■ Data supplied
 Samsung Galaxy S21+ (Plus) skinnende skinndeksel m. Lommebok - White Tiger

---

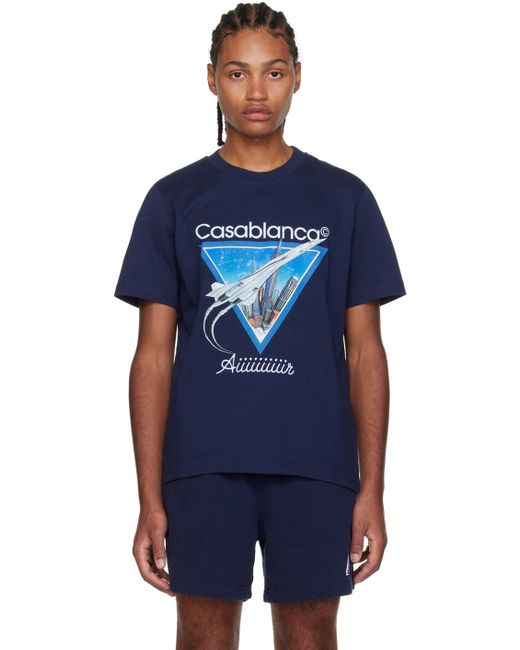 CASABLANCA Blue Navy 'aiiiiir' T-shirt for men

...

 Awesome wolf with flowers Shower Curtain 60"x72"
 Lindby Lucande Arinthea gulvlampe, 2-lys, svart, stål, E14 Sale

■ Directions for this task
From the material above, retype precisely the lines between the line holding "Awesome wolf with" and the line holding "Lindby Lucande Arinthea", inclusive, and nothing beyond them.

■ Solution for this task
 Awesome wolf with flowers Shower Curtain 60"x72"
 Lindby Lucande Arinthea gulvlampe, 2-lys, svart, stål, E14 Sale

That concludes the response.